Monster Labile

Monster Labile
Trouble



Deepening thirst for my knowledge of religion and the world. I am now very different from what I used to be, who is lazy to want to learn. Armed with high spirits I don't want to waste the opportunity.


I watch lectures almost every day on tv. The "Islam is beautiful" show every morning my grandmother and I watch it together. Religious science is a counterweight in all aspects of life. There are many lessons that we can take from studying religion especially with ustadz or teachers whose knowledge is high. It could or could not be a lesson that we can take it depends on His guidance. But do not also assume "ah later also understand yourself". There is no intention to try to think about it and learning it will be difficult. It's hard not to know how to deal with the problems that are coming.

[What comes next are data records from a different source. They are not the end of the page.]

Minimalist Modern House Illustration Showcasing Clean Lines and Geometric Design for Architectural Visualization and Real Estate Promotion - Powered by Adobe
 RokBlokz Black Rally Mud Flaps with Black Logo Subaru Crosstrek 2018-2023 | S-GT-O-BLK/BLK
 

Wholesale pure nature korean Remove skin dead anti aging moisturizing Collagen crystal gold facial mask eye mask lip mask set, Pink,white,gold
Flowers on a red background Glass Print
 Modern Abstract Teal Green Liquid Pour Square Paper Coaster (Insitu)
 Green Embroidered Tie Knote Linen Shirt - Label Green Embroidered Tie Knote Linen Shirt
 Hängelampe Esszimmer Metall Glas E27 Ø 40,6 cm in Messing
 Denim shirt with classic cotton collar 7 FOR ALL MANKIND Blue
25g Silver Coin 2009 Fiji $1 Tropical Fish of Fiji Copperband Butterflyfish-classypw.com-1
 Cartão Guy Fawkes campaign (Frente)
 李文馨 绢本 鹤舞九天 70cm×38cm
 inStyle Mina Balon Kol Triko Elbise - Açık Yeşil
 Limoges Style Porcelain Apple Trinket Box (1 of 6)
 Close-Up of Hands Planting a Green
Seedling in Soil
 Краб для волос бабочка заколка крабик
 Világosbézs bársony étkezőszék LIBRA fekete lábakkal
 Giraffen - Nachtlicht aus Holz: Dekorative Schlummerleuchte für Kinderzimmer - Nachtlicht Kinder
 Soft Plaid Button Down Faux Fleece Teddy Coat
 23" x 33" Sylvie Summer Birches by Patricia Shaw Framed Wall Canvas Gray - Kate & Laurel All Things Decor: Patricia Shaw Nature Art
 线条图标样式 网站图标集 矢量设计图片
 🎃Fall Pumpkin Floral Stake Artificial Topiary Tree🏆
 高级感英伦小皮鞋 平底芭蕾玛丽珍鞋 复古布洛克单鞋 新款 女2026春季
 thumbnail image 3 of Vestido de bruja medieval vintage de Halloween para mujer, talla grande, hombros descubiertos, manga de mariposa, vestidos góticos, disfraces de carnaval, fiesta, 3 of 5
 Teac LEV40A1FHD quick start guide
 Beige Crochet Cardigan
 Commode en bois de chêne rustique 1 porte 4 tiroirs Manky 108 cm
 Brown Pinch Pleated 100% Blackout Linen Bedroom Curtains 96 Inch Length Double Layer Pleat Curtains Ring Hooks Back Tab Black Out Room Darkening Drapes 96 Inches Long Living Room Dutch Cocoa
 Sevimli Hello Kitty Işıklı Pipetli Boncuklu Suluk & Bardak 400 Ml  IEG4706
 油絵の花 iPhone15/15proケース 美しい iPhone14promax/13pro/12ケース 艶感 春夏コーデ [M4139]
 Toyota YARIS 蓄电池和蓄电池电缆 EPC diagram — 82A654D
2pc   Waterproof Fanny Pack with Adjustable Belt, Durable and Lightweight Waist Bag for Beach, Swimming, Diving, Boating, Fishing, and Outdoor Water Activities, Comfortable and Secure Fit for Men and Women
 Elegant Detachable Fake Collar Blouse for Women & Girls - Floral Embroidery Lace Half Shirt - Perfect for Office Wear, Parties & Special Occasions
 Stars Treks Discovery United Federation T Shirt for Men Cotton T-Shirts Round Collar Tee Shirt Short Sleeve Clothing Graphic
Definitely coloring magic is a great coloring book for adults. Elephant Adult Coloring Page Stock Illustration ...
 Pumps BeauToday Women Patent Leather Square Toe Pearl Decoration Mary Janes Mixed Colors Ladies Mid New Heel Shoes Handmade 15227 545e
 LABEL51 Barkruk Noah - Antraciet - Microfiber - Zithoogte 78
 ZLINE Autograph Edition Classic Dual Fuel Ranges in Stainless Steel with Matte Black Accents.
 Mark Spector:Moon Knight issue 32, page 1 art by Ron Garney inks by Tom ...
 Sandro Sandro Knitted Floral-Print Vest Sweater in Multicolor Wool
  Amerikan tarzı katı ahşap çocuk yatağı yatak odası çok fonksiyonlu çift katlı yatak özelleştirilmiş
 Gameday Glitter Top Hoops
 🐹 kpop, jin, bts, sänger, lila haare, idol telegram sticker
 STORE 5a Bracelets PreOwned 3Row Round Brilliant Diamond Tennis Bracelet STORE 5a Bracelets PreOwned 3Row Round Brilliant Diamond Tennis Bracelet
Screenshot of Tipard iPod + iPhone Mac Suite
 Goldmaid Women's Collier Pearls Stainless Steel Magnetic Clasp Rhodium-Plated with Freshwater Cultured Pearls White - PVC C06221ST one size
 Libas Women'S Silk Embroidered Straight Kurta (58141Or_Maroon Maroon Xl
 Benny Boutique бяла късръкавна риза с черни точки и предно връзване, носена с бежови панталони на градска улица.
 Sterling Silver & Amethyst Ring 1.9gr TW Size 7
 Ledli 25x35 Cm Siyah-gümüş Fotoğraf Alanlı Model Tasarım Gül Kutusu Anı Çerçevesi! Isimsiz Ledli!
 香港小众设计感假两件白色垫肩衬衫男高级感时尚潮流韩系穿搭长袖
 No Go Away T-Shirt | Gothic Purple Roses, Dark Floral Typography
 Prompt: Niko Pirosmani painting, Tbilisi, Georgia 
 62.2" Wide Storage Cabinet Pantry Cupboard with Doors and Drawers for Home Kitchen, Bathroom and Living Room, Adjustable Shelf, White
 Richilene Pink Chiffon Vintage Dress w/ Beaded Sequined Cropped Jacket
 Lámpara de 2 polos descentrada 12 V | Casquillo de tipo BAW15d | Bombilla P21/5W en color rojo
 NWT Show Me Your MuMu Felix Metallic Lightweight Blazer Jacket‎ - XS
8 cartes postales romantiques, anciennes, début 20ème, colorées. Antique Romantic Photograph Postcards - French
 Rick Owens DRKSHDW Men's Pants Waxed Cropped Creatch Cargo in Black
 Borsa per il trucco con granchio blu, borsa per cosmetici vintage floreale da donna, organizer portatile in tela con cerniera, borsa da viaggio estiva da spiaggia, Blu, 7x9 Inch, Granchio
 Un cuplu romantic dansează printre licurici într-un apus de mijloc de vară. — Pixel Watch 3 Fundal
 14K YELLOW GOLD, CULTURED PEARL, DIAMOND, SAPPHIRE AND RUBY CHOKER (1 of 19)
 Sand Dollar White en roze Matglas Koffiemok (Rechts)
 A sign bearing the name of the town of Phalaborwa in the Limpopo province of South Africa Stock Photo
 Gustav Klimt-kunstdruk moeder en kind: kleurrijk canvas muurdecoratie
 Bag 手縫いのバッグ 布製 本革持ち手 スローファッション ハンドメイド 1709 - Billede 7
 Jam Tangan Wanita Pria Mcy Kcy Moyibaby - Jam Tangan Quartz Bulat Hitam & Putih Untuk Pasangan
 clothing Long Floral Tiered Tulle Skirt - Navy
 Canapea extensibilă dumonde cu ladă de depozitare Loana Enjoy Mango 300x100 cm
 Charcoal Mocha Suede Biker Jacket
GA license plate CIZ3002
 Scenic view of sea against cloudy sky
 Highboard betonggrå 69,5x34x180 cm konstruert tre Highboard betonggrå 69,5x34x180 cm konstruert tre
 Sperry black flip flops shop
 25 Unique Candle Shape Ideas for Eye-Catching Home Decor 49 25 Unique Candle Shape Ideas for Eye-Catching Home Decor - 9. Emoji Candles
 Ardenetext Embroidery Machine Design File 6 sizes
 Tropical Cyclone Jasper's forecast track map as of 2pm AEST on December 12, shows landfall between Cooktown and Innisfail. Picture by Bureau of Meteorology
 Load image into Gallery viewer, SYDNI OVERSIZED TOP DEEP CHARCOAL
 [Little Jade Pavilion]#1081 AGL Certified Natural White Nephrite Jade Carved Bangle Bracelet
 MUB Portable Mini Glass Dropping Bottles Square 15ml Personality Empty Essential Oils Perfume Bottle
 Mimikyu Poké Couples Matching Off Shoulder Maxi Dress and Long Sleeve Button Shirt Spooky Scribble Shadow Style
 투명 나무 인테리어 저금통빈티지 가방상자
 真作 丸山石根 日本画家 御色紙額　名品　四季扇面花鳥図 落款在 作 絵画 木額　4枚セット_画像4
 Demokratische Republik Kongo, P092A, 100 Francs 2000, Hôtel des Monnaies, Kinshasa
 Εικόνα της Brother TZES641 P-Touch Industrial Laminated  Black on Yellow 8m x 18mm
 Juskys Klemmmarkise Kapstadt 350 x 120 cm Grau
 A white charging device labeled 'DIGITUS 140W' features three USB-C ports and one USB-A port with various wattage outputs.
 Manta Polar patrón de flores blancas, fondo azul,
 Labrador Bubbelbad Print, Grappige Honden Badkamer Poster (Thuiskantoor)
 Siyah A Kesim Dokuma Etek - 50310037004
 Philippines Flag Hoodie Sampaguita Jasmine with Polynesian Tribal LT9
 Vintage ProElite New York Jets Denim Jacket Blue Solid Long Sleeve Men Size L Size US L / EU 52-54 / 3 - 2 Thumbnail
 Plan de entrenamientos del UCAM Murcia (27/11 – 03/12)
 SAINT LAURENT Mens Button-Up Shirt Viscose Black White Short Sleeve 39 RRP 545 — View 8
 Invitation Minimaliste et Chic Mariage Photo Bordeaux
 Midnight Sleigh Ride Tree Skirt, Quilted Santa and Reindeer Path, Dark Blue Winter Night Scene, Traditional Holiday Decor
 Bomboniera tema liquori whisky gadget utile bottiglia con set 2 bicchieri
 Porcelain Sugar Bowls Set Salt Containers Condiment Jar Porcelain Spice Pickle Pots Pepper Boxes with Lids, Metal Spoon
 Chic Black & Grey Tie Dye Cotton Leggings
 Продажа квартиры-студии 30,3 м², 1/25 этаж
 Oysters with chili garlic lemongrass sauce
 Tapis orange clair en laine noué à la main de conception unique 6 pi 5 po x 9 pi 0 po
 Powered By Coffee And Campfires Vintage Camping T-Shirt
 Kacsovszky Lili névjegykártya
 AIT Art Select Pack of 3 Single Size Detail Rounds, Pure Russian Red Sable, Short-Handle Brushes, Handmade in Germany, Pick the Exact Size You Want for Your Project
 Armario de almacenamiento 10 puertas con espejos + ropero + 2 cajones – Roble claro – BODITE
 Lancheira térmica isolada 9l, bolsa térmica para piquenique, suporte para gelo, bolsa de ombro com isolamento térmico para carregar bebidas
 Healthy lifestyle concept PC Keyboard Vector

Themes about work. I'd love to avoid listening to her talk with grandma. Wh why? I don't know why I feel triggered or depressed like I feel so guilty. Yeah iyeah. I should have worked as a man instead of being unemployed. But why should work first while the intention is not there and the personality is still unstable. It's just wrong. The real path to take is the path to a better life. Aren't you?


The soul and instinct never lie. I choose the path of my own choice. But why am I sure now?


Yeah that's the problem..


Lecture this time I do not want to run away because the ustadznya talk about the purpose of making a living.


Yep! Only now do I realize what the purpose of making a living is?


Wh why? Because I don't want to think about it.


In short, in the lecture I got an important lesson for later if you want to work. First, the intention is important. If I combine it with a lot of science from various sources. I sorted out the intentions of the best option ever. First the intention to raise parents but in this case the need for a steady job and a long time to save money. Hopefully not first my own mother who intends to take the Hajj. Both intentions of making a living for worship. Food, clothing, any property that will be produced is intended only for worship. Said Lake Master try his own capital to find knowledge (go to study) must be delicious. There is no burden and feel more blessed. If we worship from people who model us, said ustadz, the alim is the one who modali not us (cave) who worship. I remember my mother too. Nice dong. But of course I won't be like this forever. Obviously my actions are still not right.


*gahhh!


Again. I want more science.


The most important thing for me is religion. I don't want a job to keep me from worshiping and seeking knowledge.


Then, my energy is a little and easily tired. From a small age, my activities were never fixed. Eat only when I'm hungry or want to. Play without time and rest only when I feel it. As a result my body developed and grew following what had to be improved. Unlike the families of children from other families I have freedom.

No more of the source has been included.